ATA became a network for computer and technology centers sprouting up across the nation and beyond—everyone sharing information, developing best practices, providing services and transforming lives. Long before the web, ATA collaborated with Apple to utilize an early e-mail system called AppleLink, where members shared questions and challenges that people were facing. From ATA Centers all across the nation members would respond with their experiences so that ATA began to build a knowledge base that just didn’t exist anyplace else. ATA broke an isolation that families had been feeling and built a community of like-minded pioneers.
The ATA history is a very rich one with all sorts of stories that capture the hopes and achievements of so many people. As I look back, perhaps the single-most important contribution ATA made was its development, articulation and commitment to a person- and family-center AT service delivery model shared throughout the organization and ATA Centers worldwide. For those in the know, this was no small accomplishment.
We were all forced to slow down, learn from our mistakes and share those experiences. Something that didn’t work would eventually lead to something that did.

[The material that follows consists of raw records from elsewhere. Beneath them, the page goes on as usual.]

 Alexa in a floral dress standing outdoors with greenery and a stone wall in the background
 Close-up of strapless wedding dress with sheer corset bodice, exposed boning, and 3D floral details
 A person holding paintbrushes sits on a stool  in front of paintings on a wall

In so many ways, a person-centered model seems like common sense, something obvious, something intuitive, and yet one would be hard-pressed to find examples of person-centered AT service delivery models in practice today, all the institutional rhetoric notwithstanding.

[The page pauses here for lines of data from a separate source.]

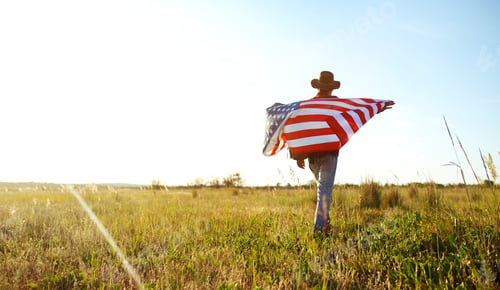 Preview: Traveler with the flag of America. The man in a hat, a backpack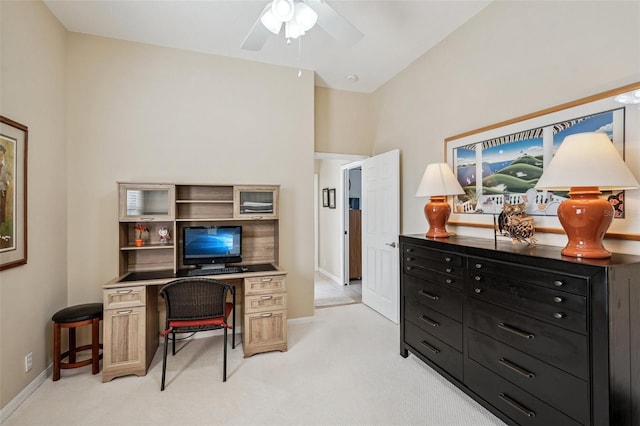 office with light carpet, a ceiling fan, and baseboards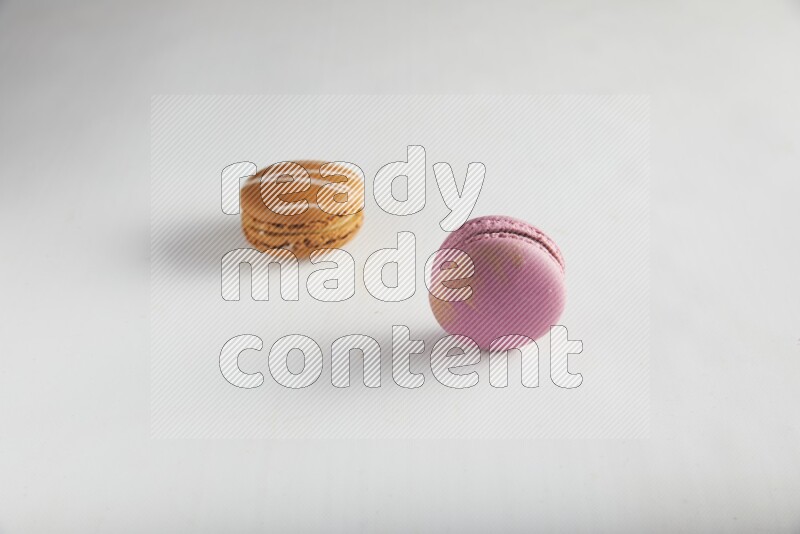 45º Shot of of two assorted Brown Irish Cream, and Purple Strawberry macarons on white background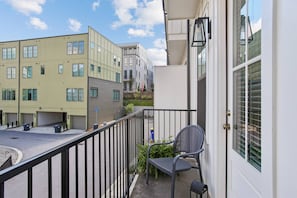 A balcony with a chair and a door, overlooking a street with buildings. - Luxury Townhome with Garage, Walkability a 10 (Atlanta)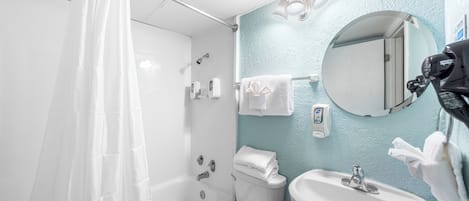 A bathroom with a bathtub, toilet, sink, and a mirror.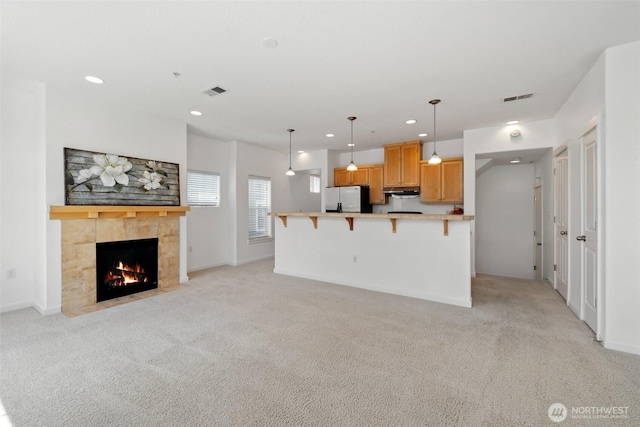 10757 NE Red Wing Way Unit 201, Hillsboro, OR 97006 - kitchen with freestanding refrigerator, light carpet, a breakfast bar, a fireplace, and recessed lighting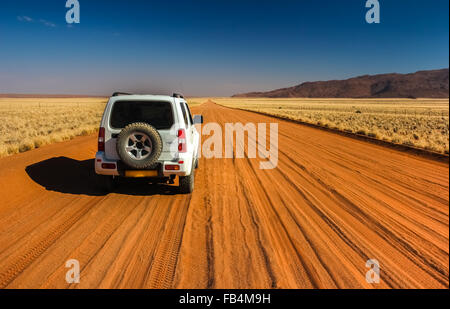 Auto solitario sul rettilineo di sabbia pad, Namibia Foto Stock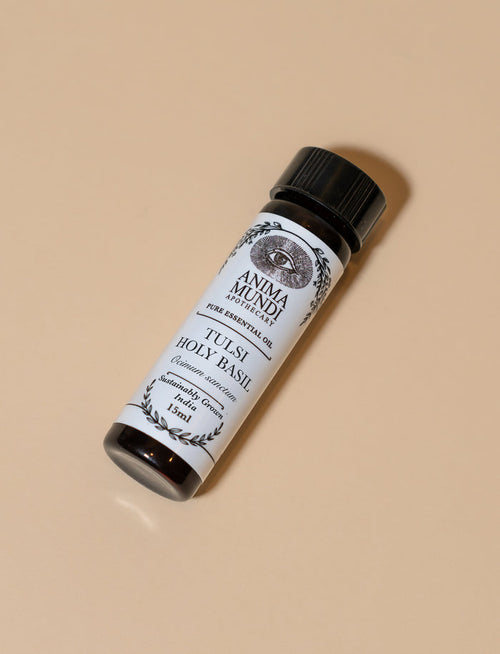 Small bottle of Tuisi Holy Basil oil with a black cap on a beige background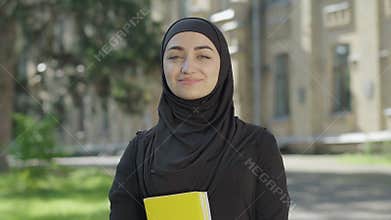 Young proud Muslim woman in traditional black hijab posing on sunny day at university yard. Portrait of confident female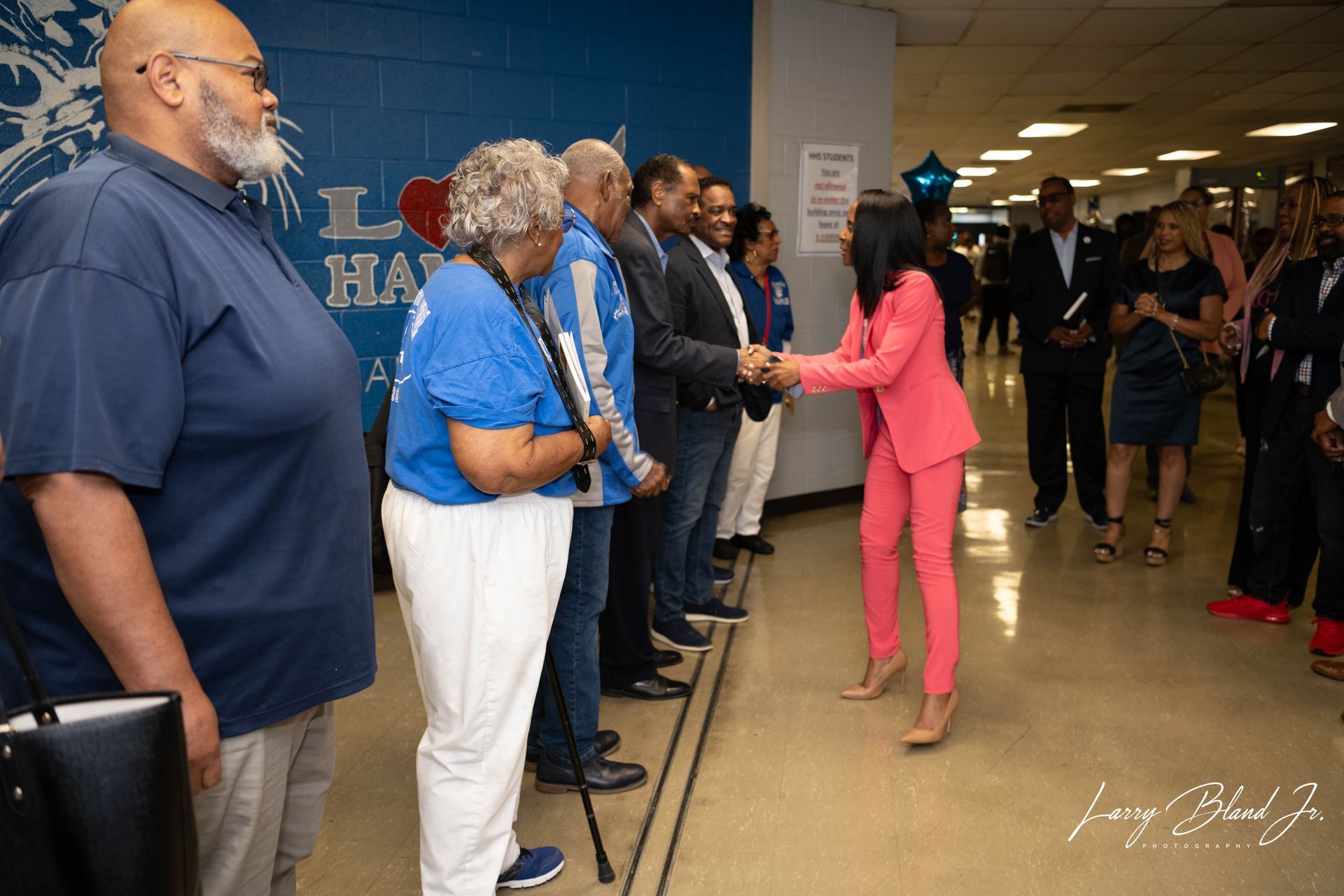 Woman in pink suit shakes hands with a line of people in a hallway; blue wall with a lion logo in the background.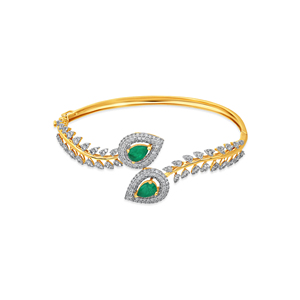 Elegant Gold <b>Bangle</b> <b>Bracelet</b> with Emerald Teardrop Gemstones, Diamond Leaf Motifs, and Luxurious Pavé Detailing - Product Image 1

As I look at that blank Google search page, I think about that model and what it means. Today, so many organizations and institutions—from school districts to state agencies and healthcare to rehabilitation systems—pay lip-service to person-centered service delivery models. There are many reasons why it breaks down but the most significant one is a simple lack of funding. AT is far more than the technology itself—without the necessary and supportive services it too often becomes a paperweight of plastic and wire. A person-centered service delivery model takes time—and often lots of it. AT is not a retail experience but a process. ATA understood this imperative from the get-go and required that all ATA Centers put the individual at the center of this process regardless of ability and need. It was a beautiful thing to watch and an amazing experience to share.